Heike Wilken: Während Probiotika als Bakterien mit gesundheitsfördernder Wirkung definiert werden, sind Präbiotika die Nährstoffe für Probiotika. Daher ist es möglich, mit einer präbiotischen Nahrung gesundheitsfördernde Bakterien im Körper zu fördern bzw. zu unterstützen. Die Hauptvertreter von Präbiotika sind Inulin, Fruktooligosaccharide, Galaktooligosaccharide und Lactlulose.
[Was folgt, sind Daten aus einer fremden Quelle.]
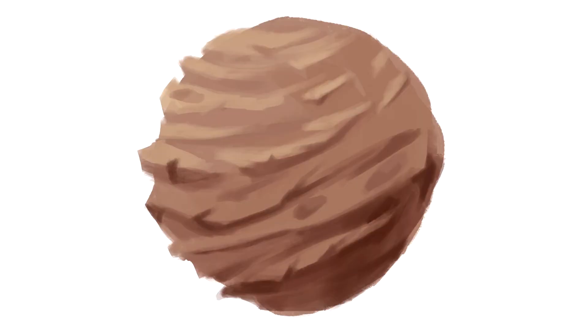Now we have our rocky sphere. All that's left is to create the final material and then I'll show you how to apply the last touches to the sphere to make them look even better. I hope you're enjoying it and I'll see you for the next lesson.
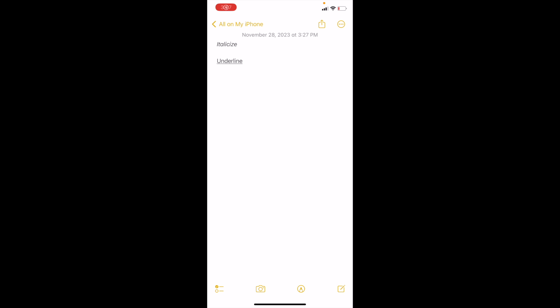So in this Apple Notes tutorial video, I'm going to be showing you guys how to strike through text on the Notes app here on your Apple device.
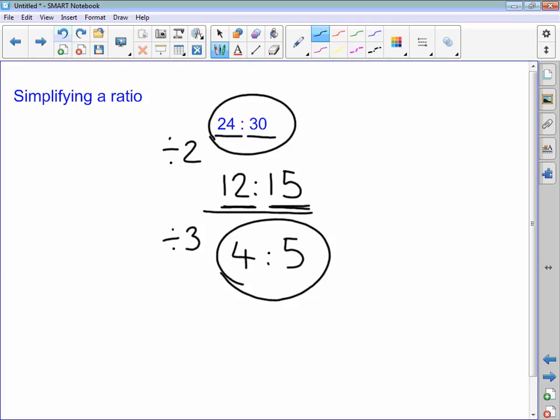I know that I've got it in its simplest form because there's no other number that goes into 4 and also 5 other than 1.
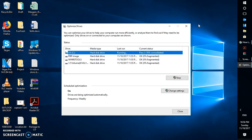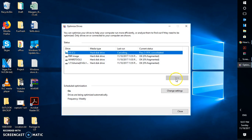As soon as you click on this you will see an option which says 'Optimize Drive', which means you can optimize your drives to help your computer run more efficiently, or analyze them to find out if they need to be optimized. Only drives connected to your computer are shown — if you have connected an external drive it will show up; if not, it will not show up.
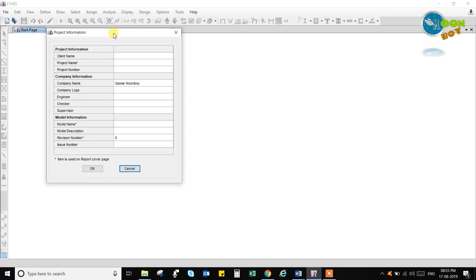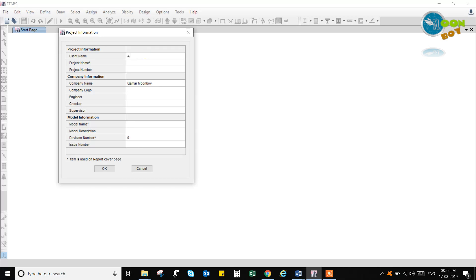So let us go to the project information first. Here we have project information. Here we can give the client name. In AP we have a client called APCRDA, so we can put APCRDA. The project name we can give as a training multi-story building or simply multi-story building.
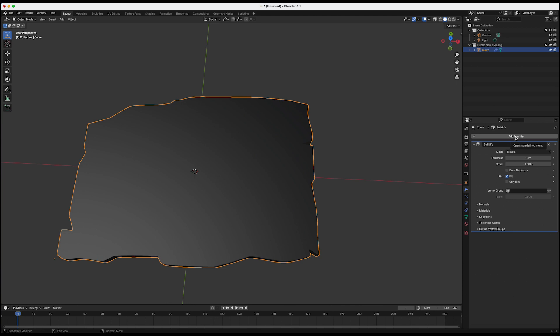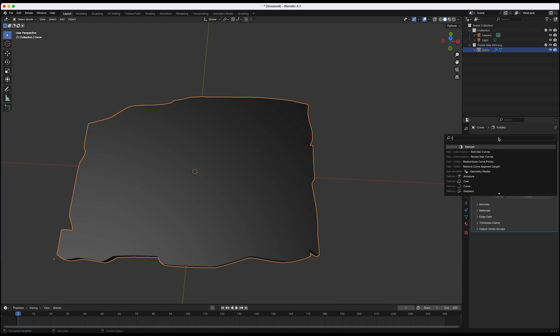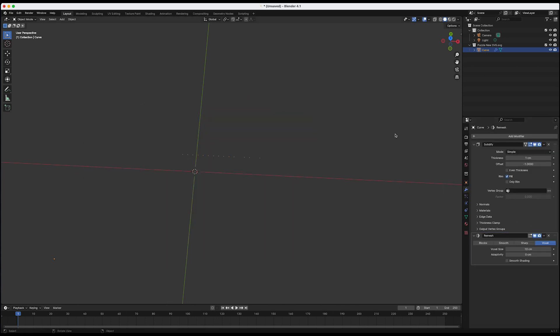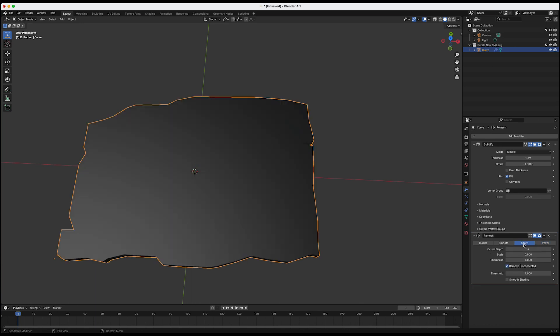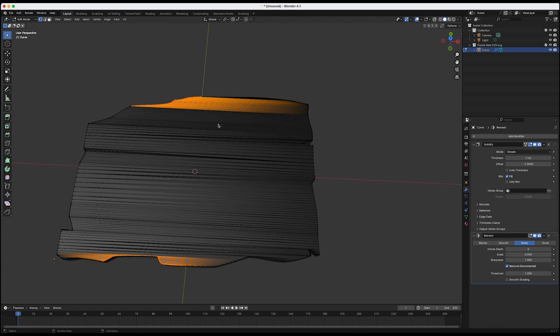And the second modifier is going to be remesh. Remesh. Exciting. I would go to sharp and I'm going to say 0.5. And if you were to tab, you'd still see it's not there yet. Not done yet.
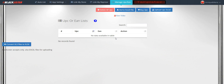Managing your UPC and EAN numbers with Blackluster. You can have all of the UPC numbers or EAN numbers that you buy organized here. There is a separate video in the training where you can find how to buy UPC or EAN numbers safely.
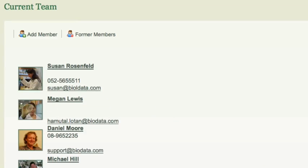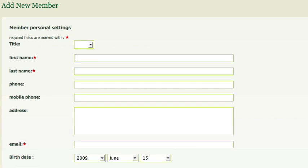Click on Members to see the current lab members. To add a new member to your lab, click on the Add Member link and fill in the form details.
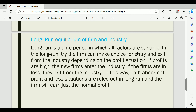The long run is the time period in which all factors are variable — meaning the environment is fully changeable. In the long run, firms can choose to enter or exit the industry depending on the profit situation. If profits are high, new firms enter the industry. If firms are making losses, they exit from the industry. In this way, both abnormal profit and loss are ruled out in the long run, and firms earn only normal profit.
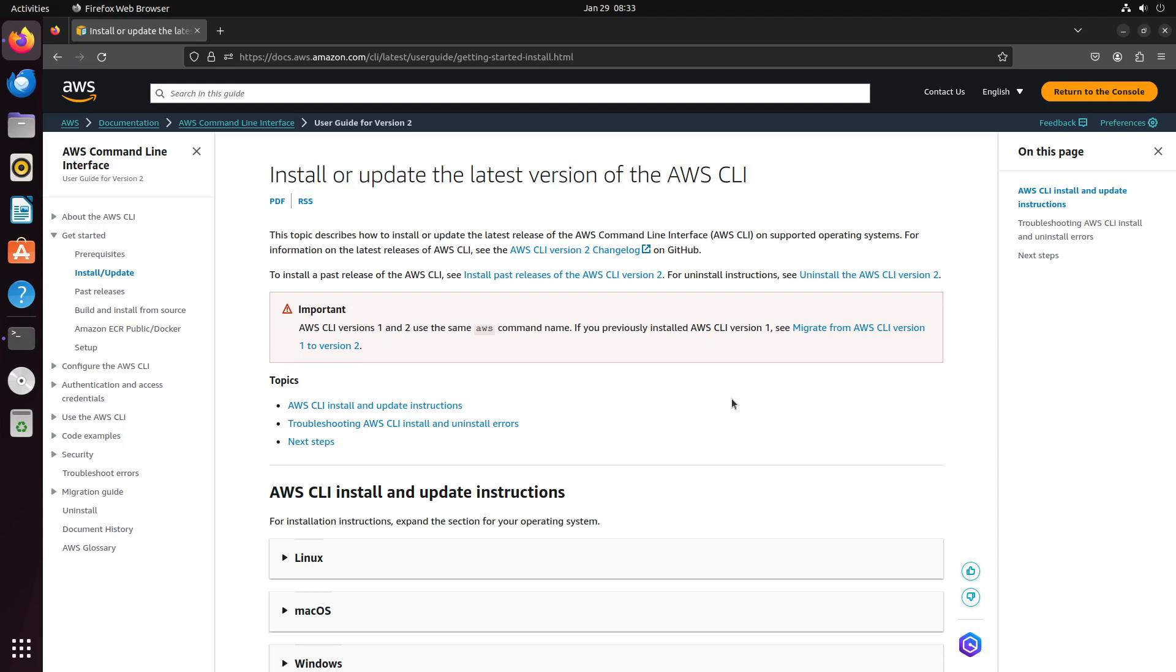Hello and welcome back to Elite Cloud. In this video, we are going to learn how to install AWS CLI in your Linux operating system.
Diese ansonsten unverdauliche Stoffe können von speziellen Darmbakterien verstoffwechselt werden, was wiederum positive allgemeingesundheitliche Effekte mit sich bringt. So zeigen Studien, dass Präbiotika z. B. das Cholesterin und den LDL-Spiegel senken können. Reich an Inulin sind bestimmte Gemüsesorten, wie Chicorée, Knoblauch, Artischocke, Spargeln und Zwiebel. Zusammenfassend bilden Präbiotika einen sehr interessanten Ansatz in der zahnärztlichen präventiven Therapie, der jedoch durch weitere klinische Studien belegt werden muss.
Welche Rolle spielt das Vitamin D bei Parodontitis-Patienten? Kann man den Vitamin-D-Spiegel messen?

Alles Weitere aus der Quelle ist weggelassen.